Dataset entries:
○ ○ ○ ○

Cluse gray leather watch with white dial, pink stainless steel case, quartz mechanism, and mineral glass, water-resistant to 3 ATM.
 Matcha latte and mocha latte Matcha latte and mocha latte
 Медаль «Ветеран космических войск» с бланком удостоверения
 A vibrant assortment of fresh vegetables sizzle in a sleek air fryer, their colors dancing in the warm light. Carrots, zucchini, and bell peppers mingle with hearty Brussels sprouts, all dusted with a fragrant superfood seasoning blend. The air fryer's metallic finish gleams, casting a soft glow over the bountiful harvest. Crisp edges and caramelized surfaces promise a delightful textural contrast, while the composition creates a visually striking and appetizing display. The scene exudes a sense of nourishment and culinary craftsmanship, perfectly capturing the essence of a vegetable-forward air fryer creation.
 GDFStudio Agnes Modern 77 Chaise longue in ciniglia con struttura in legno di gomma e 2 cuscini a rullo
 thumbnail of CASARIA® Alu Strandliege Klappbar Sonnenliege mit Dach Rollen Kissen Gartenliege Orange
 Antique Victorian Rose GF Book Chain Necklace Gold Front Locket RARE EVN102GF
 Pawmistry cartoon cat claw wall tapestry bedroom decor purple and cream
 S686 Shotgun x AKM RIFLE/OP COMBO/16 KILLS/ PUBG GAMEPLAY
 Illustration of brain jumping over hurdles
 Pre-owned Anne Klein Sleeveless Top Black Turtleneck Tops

○ ○ ○ ○

--- What to do ---
Write down how many lines above contain the string "over", and nothing besides.

--- Output ---
2